Problem. Across the records that follow, give the number of lines containing the word "Used" and nothing else.

(Stored records)
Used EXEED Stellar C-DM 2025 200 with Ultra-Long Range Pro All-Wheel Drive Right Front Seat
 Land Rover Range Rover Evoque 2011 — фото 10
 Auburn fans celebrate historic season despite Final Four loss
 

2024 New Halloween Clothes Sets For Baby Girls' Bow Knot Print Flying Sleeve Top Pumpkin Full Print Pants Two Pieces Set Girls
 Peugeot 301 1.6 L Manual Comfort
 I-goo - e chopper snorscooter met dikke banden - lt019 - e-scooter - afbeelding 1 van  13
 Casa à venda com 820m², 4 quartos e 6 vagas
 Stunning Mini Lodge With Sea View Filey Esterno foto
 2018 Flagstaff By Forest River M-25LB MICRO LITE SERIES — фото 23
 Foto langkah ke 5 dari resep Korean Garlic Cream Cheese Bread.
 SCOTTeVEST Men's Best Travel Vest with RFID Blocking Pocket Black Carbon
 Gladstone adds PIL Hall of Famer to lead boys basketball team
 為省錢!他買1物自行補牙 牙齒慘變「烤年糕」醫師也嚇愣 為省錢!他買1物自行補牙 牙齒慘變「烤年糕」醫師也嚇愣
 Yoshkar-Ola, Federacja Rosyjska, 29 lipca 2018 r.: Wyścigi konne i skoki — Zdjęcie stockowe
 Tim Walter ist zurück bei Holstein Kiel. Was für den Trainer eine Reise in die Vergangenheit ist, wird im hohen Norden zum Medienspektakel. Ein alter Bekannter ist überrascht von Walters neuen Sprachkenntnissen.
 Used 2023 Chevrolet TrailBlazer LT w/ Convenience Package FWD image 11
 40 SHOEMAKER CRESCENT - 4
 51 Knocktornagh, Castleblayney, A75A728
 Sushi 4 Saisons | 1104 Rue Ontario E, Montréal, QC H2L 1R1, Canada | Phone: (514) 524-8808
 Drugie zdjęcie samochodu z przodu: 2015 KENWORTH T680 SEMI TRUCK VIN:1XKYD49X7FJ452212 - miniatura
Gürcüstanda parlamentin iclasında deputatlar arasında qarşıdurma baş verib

Answer area. 2